▶ TASK DIRECTIONS
Restate the data word for word and leave the images out.

Short descriptive text snippets:
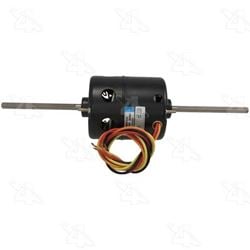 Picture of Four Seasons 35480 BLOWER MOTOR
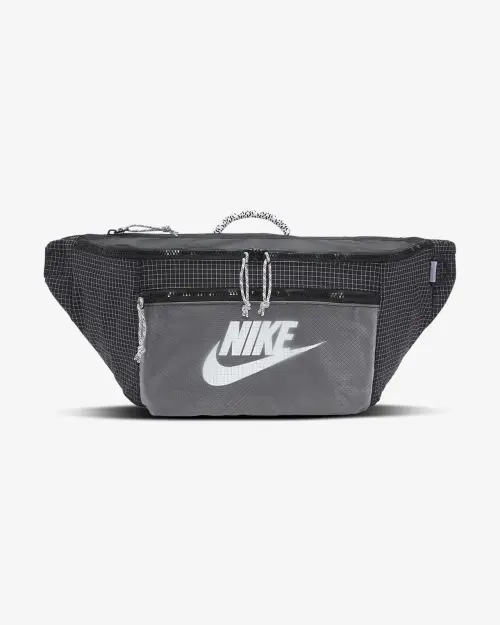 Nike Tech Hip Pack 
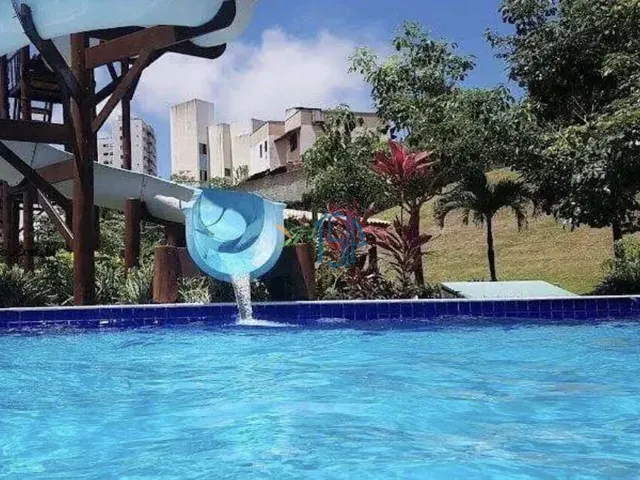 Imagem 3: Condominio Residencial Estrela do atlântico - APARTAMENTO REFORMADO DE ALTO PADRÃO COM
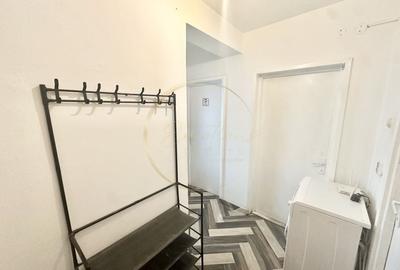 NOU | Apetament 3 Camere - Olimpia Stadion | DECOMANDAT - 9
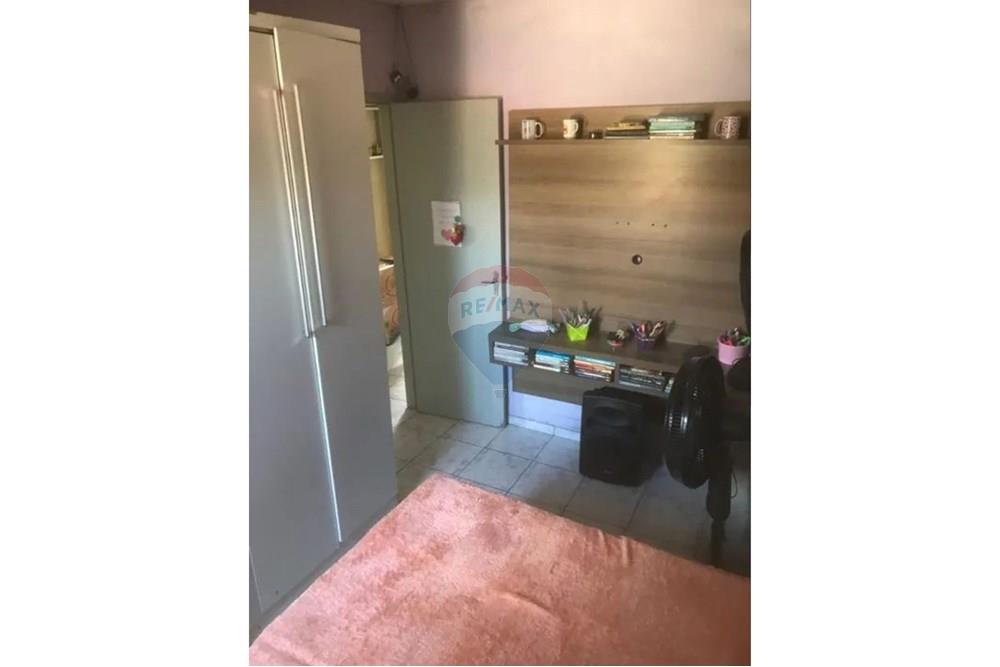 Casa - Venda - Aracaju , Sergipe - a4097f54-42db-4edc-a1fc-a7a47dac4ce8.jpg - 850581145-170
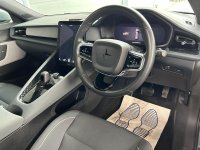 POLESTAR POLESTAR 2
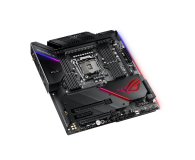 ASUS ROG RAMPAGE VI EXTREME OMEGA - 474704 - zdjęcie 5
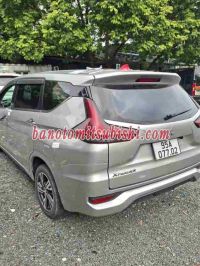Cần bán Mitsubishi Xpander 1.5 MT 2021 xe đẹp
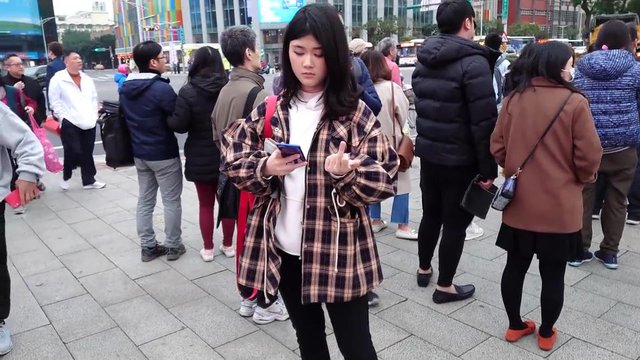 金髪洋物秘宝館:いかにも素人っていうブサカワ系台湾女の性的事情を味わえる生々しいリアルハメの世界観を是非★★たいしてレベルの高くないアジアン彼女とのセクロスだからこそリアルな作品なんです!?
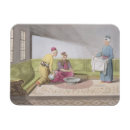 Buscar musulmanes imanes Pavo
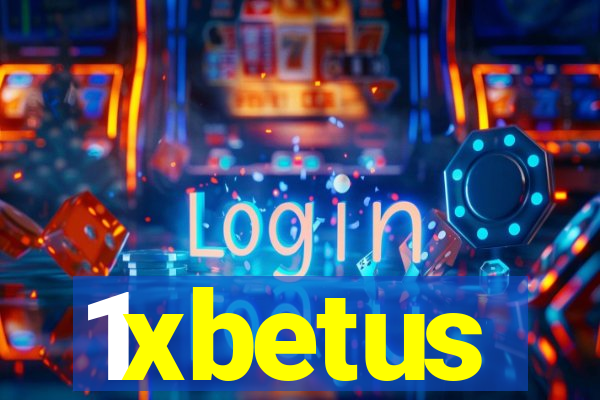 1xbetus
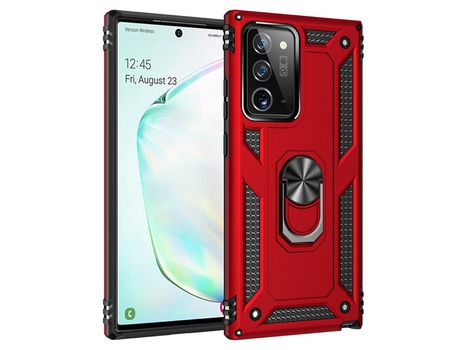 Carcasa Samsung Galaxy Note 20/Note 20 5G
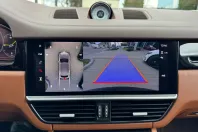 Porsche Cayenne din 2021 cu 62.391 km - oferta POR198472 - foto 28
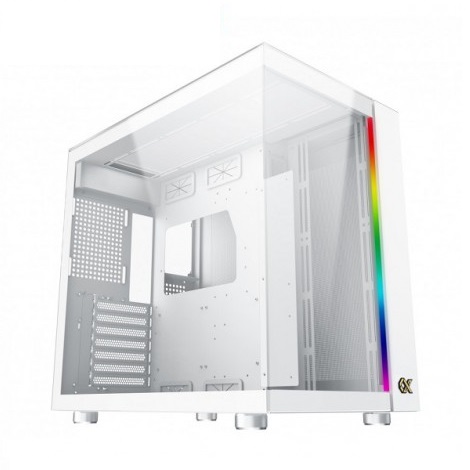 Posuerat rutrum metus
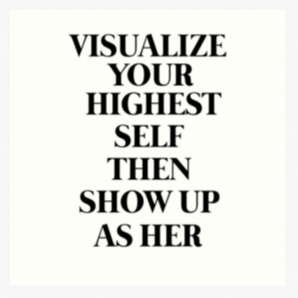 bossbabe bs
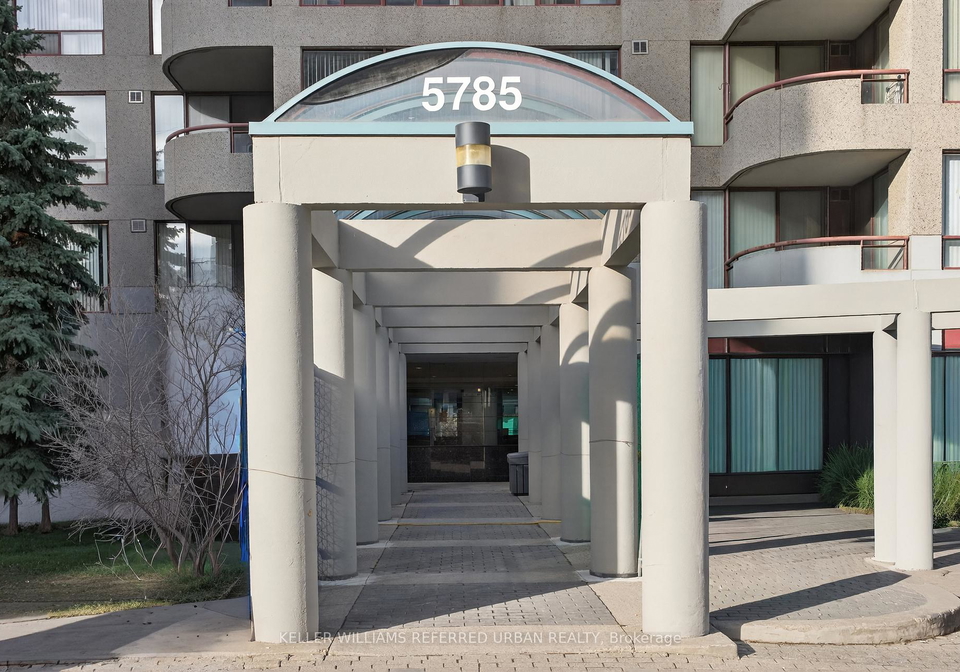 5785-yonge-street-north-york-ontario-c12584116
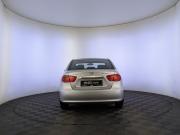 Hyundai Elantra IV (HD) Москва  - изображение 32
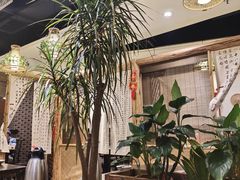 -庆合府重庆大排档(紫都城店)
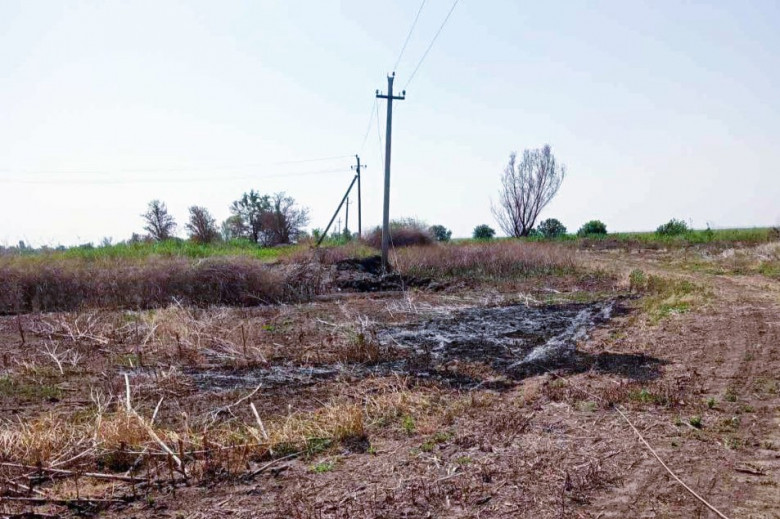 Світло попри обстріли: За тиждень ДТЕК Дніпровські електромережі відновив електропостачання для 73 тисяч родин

▶ PROBLEM SOLUTION
 Picture of Four Seasons 35480 BLOWER MOTOR
 Nike Tech Hip Pack 
 Imagem 3: Condominio Residencial Estrela do atlântico - APARTAMENTO REFORMADO DE ALTO PADRÃO COM
 NOU | Apetament 3 Camere - Olimpia Stadion | DECOMANDAT - 9
 Casa - Venda - Aracaju , Sergipe - a4097f54-42db-4edc-a1fc-a7a47dac4ce8.jpg - 850581145-170
 POLESTAR POLESTAR 2
 ASUS ROG RAMPAGE VI EXTREME OMEGA - 474704 - zdjęcie 5
Cần bán Mitsubishi Xpander 1.5 MT 2021 xe đẹp
 金髪洋物秘宝館:いかにも素人っていうブサカワ系台湾女の性的事情を味わえる生々しいリアルハメの世界観を是非★★たいしてレベルの高くないアジアン彼女とのセクロスだからこそリアルな作品なんです!?
 Buscar musulmanes imanes Pavo
 1xbetus
 Carcasa Samsung Galaxy Note 20/Note 20 5G
 Porsche Cayenne din 2021 cu 62.391 km - oferta POR198472 - foto 28
 Posuerat rutrum metus
 bossbabe bs
 5785-yonge-street-north-york-ontario-c12584116
 Hyundai Elantra IV (HD) Москва  - изображение 32
 -庆合府重庆大排档(紫都城店)
 Світло попри обстріли: За тиждень ДТЕК Дніпровські електромережі відновив електропостачання для 73 тисяч родин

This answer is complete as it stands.